Das römische Glaubensdikasterium hat Mitte September das kirchliche „Nihil obstat“ zu Medjugorje verkündet: Der lateinische Ausdruck lässt sich als „es spricht nichts dagegen“ übersetzen und ist eine Art kirchliche Unbedenklichkeitserklärung. Laut dem entsprechenden Dokument mit dem Titel „Die Königin des Friedens“ ist damit nun „die öffentliche Verehrung“ erlaubt, womit offenbar ganz allgemein der fromme Besuch des Wallfahrtsortes gemeint ist. Rom legt allerdings Wert darauf, dass die Entscheidung „keine Erklärung des übernatürlichen Charakters des fraglichen Phänomens“ darstelle. Die Gläubigen seien auch „nicht verpflichtet, daran zu glauben“.
Dieses doppelte Signal ist als Versuch zu verstehen, sich endlich aus einem kirchenpolitischen Dilemma zu befreien: Der Vatikan will keine Gospa zertifizieren, die mitunter Häresien verbreitet, muss zugleich aber vermeiden, den Millionen von Medjugorje-Anhängern vor den Kopf zu stoßen.
5. Hält der Papst die Erscheinungen für echt?
Das ist natürlich nicht ausgeschlossen, wäre aber eine Überraschung. Bereits wenige Monate nach seiner Wahl, im November 2013, hatte Franziskus in einer Predigt zu Legenden über regelmäßige Marienbotschaften allgemein gesagt: „Die Madonna ist eine Mutter. Sie liebt uns alle. Sie ist keine Postbeamtin, die jeden Tag Nachrichten schickt. Solche Berichte entfernen uns vom Evangelium.“
Auch die neue Verlautbarung seines Glaubensdikasteriums, deren Veröffentlichung Papst Franziskus persönlich angeordnet hat, klingt eher reserviert.

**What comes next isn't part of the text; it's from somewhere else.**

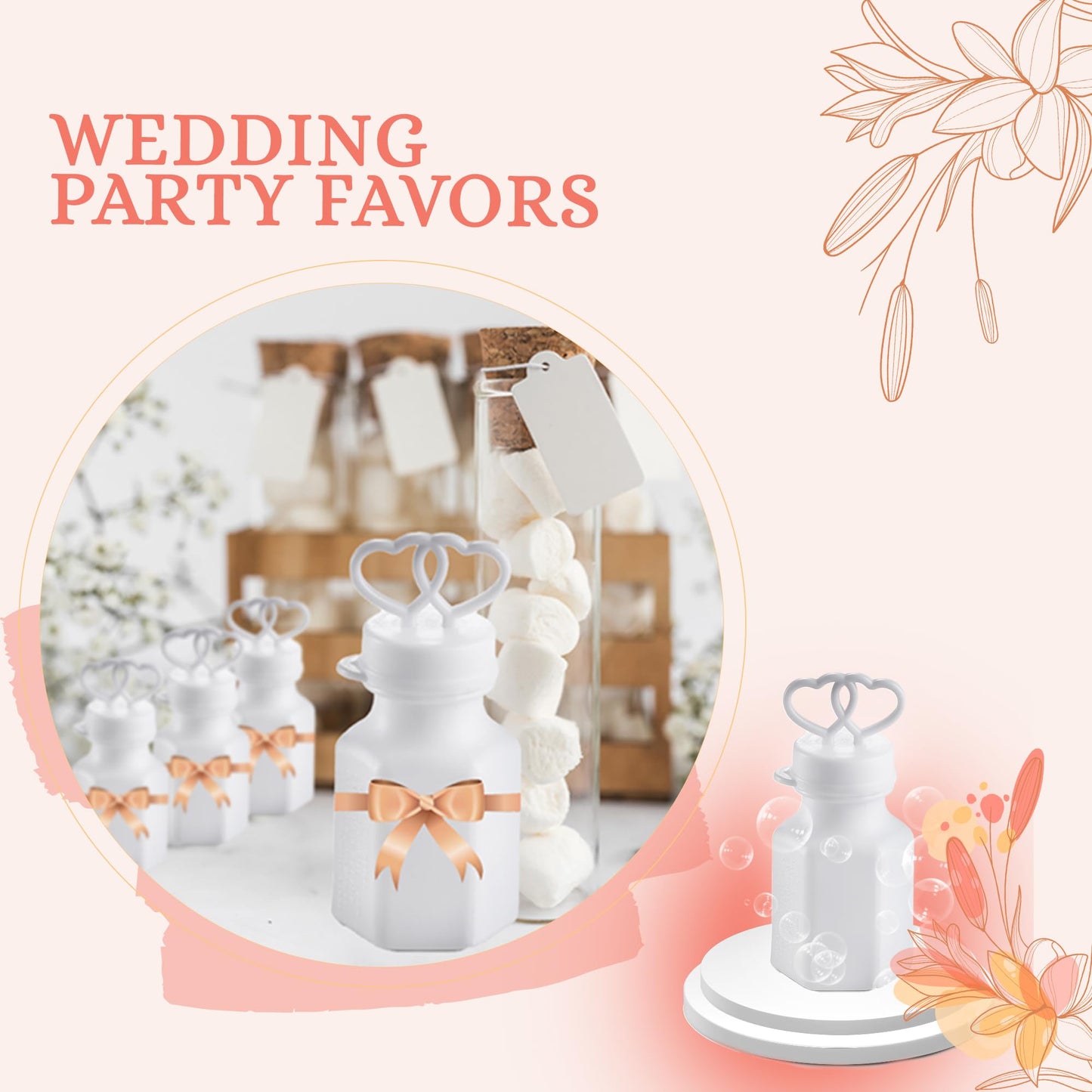 Wedding Bubbles Bulk - (48 Count) Mini White Double Heart Top Wands, Great for Bridal Party Favors, Engagement, Anniversary Celebrations, Valentine Bubbles and Wedding Favors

Es ist stets nur von „angeblichen“ Sehern die Rede, von „angeblichen“ Erscheinungen und von „vermeintlichen“ Botschaften.
Zur Begründung für sein „Nihil obstat“ werden diese „angeblichen“ Erscheinungen auch gar nicht herangezogen, sondern der Vatikan bezieht sich ausschließlich auf das Drumherum: Dass so viele Menschen Medjugorje aufsuchen und dort Trost finden, dass dort dort viele Männer eine Priesterberufung verspüren oder christliche Paare sich dort zur Ehe entscheiden, erkennt der Vatikan an als „schöne und positive Früchte“. An diesen Früchten weiter teilzuhaben, dagegen spricht eben nichts, so ist das „Nihil obstat“ zu verstehen.
6. Was ändert sich jetzt mit der Genehmigung?
Egal, wie differenziert das Papier des Glaubensdikasteriums formuliert sein mag: Medjugorje steigt damit gefühlt zum von Rom anerkannten Marienwallfahrtsort auf. Das dürfte den Zulauf weiter stärken. Bewunderer des Phänomens, zu denen auch weltweit einflussreiche Kirchenmänner wie der Wiener Kardinal Christoph Schönborn gehören, können sich damit bestätigt fühlen.
Allerdings könnte sich die Frequenz der Botschaften verändern. Laut Vatikan-Dokument wird ein Bevollmächtigter des Heiligen Stuhles ab sofort „die zukünftigen Botschaften – oder die vergangenen Botschaften, die noch nicht veröffentlicht wurden – einer Prüfung unterziehen und ihre eventuelle Veröffentlichung unter Berücksichtigung der obigen Klarstellungen genehmigen müssen“. Rom behält sich also vor, Einschätzungen der Gottesmutter erst einmal abzunehmen: Sicher ist sicher.